Note: Survey was not conducted for six quarters throughout the COVID-19 pandemic due to lack of trendable market activity and price discovery. Data in the above table is from the 10 most recent surveys.
After increasing between 20 and 40 basis points (bps) in each of the past three quarters, the average prime multifamily going-in cap rate increased by only 1 bp in Q2 to 4.73%. Exit cap rates fell by 5 bps. Underwriting expectations for annual asking rent growth over the next three years remained unchanged in Q2 at 2.90%.
Unlevered internal rate of return (IRR) targets showed slower expansion, increasing by just 23 bps in Q2 to 7.22% and creating the widest spread between going-in cap rates (249 bps) since the survey began in 2014.
Figure 2: Buyer Valuation Underwriting Survey for Prime Class A Multifamily Assets Ranked by IRR Target & Cap Rate
Source: CBRE Research, Q2 2023.
Note: The statistics are estimates of current buyer underwriting assumptions for the highest quality asset in the best location of a particular market. The quoted prime rents reflect the level at which top-tier relevant transactions are being completed. Estimates are based on the expert opinion of local CBRE investment professionals.
Source: CBRE Research, Q2 2023. Note: The statistics are estimates of current buyer underwriting assumptions for the highest quality asset in the best location of a particular market. The quoted prime rents reflect the level at which top-tier relevant transactions are being completed. Estimates are based on the expert opinion of local CBRE investment professionals.
Four of the 15 markets (Atlanta, Chicago, Philadelphia and Seattle) recorded additional going-in cap rate expansion in Q2, while two markets (Boston and Dallas-Ft. Worth) saw going-in cap rate compression for the first time in seven quarters. The remaining nine markets had no change. Exit cap rates were unchanged in 11 of the 15 markets and lower in Boston, Dallas-Ft. Worth and Miami. Only New York had slightly higher exit cap rates.
Figure 3: Historical Comparison of Going-In & Exit Cap Rates
Source: CBRE Research, Q2 2023.
Note: Survey was not conducted for six quarters throughout the COVID-19 pandemic due to lack of trendable market activity and price discovery.
Since Q1 2022, the average prime multifamily going-in cap rate has increased by 137 bps to 4.73%, eclipsing the pre-pandemic (2018 – 2019) average by 52 bps. Though further expansion could occur after an expected Fed rate hike this month, underwriting assumptions for prime multifamily assets will likely peak in Q3. Even as exit cap rates have seen a slight pull back, the spread between going-in and exit cap rates is a slim 21 bps and appears to be stabilizing. Average exit cap rates are not expected to compress significantly in the near-term, so it is unlikely that an inversion occurs between the two. However, markets such as Chicago, New York, Philadelphia and Phoenix are either experiencing an inversion or parity between cap rates.
Figure 4: Average Annual Rent Growth Underwriting for Next Three Years
Source: CBRE Research, Q2 2023.
Underwriting assumptions for prime multifamily annual rent growth for the next three years did not change in Q2 after several quarters of deceleration.
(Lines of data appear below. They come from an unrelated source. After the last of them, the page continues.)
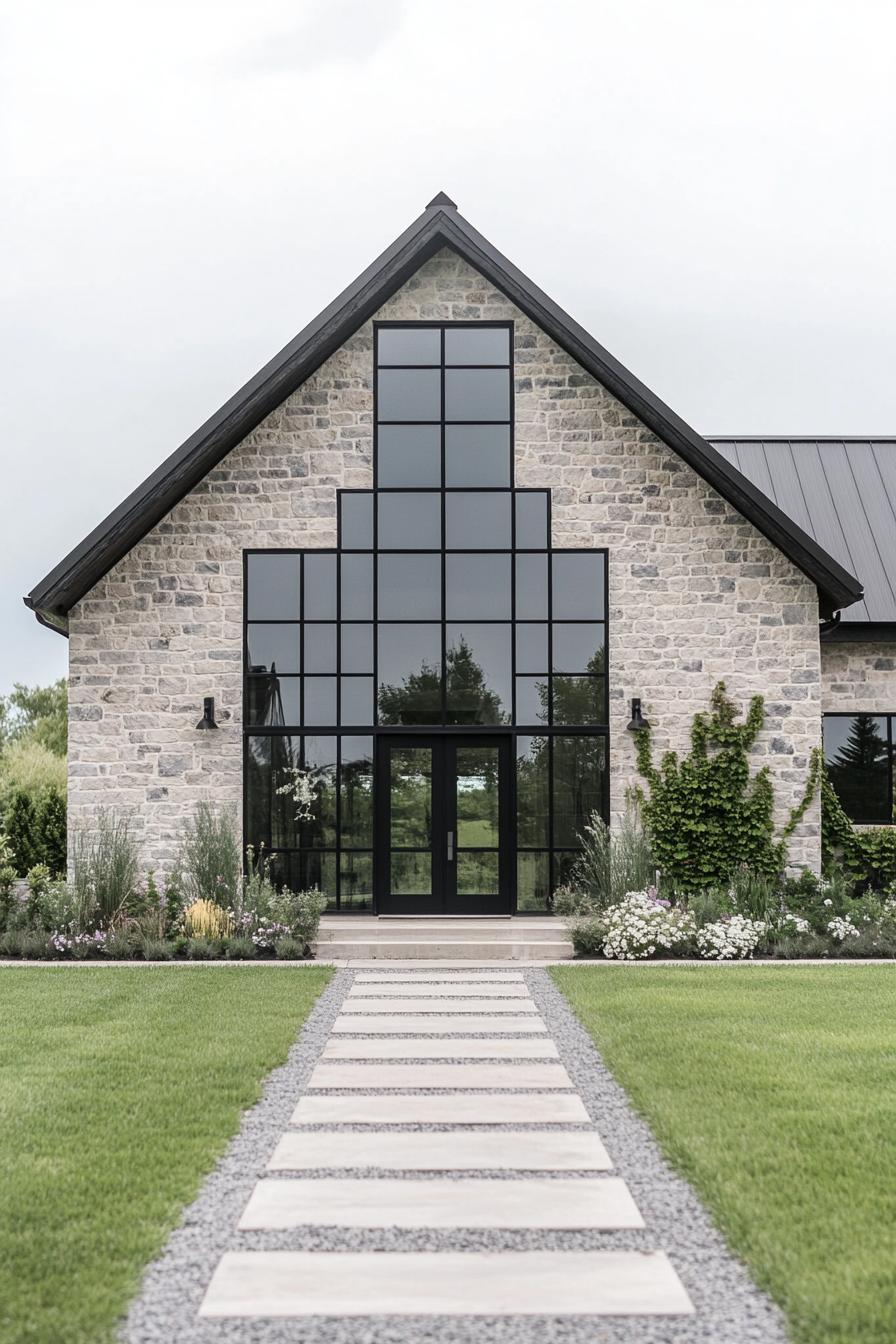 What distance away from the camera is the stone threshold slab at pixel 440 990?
970 centimetres

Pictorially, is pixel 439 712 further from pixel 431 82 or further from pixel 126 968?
pixel 431 82

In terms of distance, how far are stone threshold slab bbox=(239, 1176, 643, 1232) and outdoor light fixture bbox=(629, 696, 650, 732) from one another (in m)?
8.60

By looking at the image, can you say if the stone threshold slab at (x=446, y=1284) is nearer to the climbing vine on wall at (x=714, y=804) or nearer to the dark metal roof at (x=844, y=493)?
the climbing vine on wall at (x=714, y=804)

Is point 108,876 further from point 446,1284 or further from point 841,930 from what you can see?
point 446,1284

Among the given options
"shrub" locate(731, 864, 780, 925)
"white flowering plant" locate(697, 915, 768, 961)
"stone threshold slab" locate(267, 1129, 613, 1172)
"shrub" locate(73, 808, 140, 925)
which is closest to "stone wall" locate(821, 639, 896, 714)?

Although gateway markets have a slightly better average rent growth outlook, secondary markets are picking up the pace and could surpass gateways later this year. The long-run average for rent growth assumptions is approximately 3.1%, slightly higher than the 2.9% expected as of Q2 2023. As markets stabilize, rent growth assumptions likely will drift higher and eventually settle near the long-run average.
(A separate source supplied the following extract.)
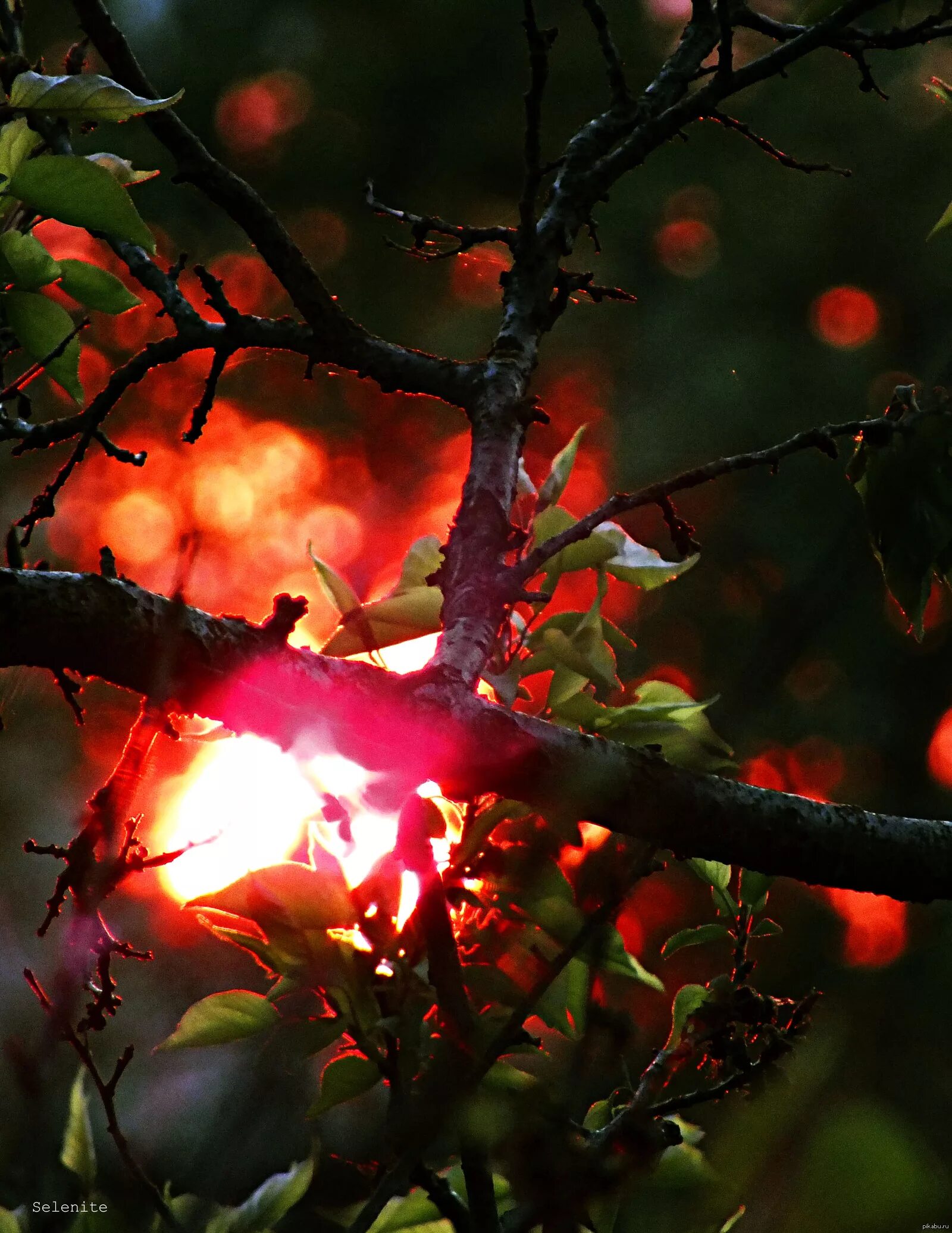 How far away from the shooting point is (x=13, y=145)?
60cm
Multifamily investors remain cautious in the current environment, though many markets are seeing little additional fundamentals degradation. Once interest rates stabilize, there should be an increase in activity by buyers, sellers and lenders.
Note: The quarterly results from the CBRE Prime Multifamily Underwriting Survey are estimates of current buyer underwriting assumptions for the highest quality assets in the best location in 15 markets throughout the nation. Estimates are based on the expert opinion of CBRE investment professionals in these markets.